Note: Questions marked with an asterisk are substantially different from the corresponding questions in the text. Relatively minor clarifications and additions to the other questions are in brackets.

[30 pts.] Consider the following relational database schema:
course ( c-num, title, credits )
course-offering ( c-num, sec-num, semester, instructor, room, time )
student ( name, id-num, major )
enroll ( c-num, sec-num, semester, id-num, grade )
The keys are underlined.

Give an SQL DDL definition of this database. Choose domains for the attributes that would be suitable for the values used at Fordham, e.g. for c-num like CSLU3500 and so forth. Identify referential-integrity constraints that should hold, and include them in the DDL definition. (For ``real'' SQL, you can change all hyphens to underscores.)

[20 pts.] Referential-integrity constraints as defined in this chapter involve exactly two relations.
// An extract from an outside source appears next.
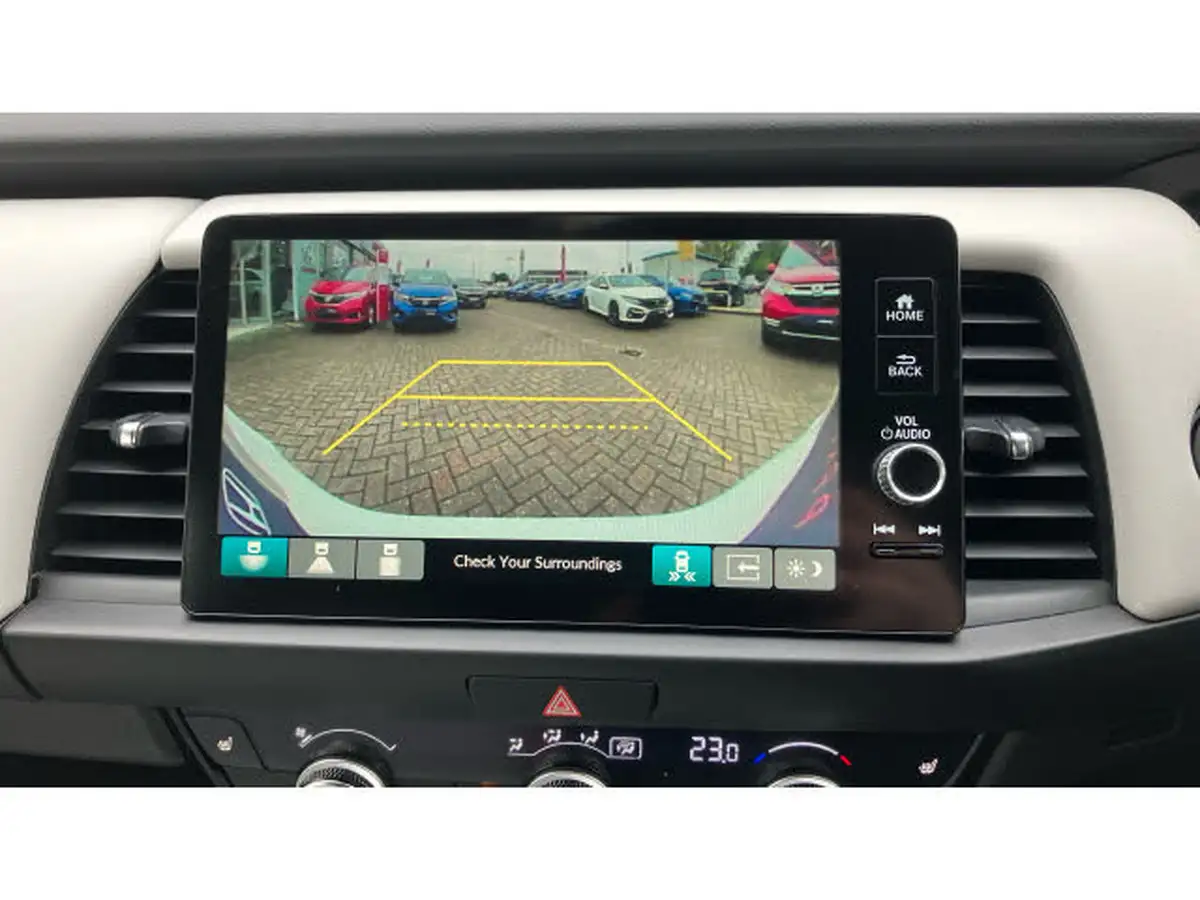 2020-honda-jazz-15-i-mmd-ex-big-40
Consider a database that includes the following relations [(the keys are underlined)]:

salaried-worker ( name, office, phone, salary )
hourly-worker ( name, hourly-wage )
address ( name, street, city )

Suppose that we wish to require that every name that appears in address appear in either salaried-worker or hourly-worker, [and possibly] but not necessarily in both.
Propose a syntax [extending the SQL DDL if necessary] for expressing such constraints.
Discuss the actions that the system must take to enforce a constraint of this form. [Can this constraint be enforced with reasonable efficiency, as compared to the two-relation constraints?]

[10 pts.] SQL allows a foreign-key dependency to refer to the same relation, as in the following example:

create table manager
(employee-name char(20) not null,
manager-name char(20) not null,
primary key (employee-name),
foreign key (manager-name) references manager
on delete cascade )

Here, employee-name is a key to the table manager, meaning that each employee has at most one manager. The foreign-key clause requires that every manager also be an employee [who is managed, i.e., a subordinate]. Explain exactly what happens when a tuple in the relation manager is deleted. [That is, what steps must the system take to check the referential-integrity constraint and to maintain consistency if it is violated? Give an example, using a small instance of the manager table (with 4 or 5 rows), showing the sequence of steps that would occur following deletion of one row.]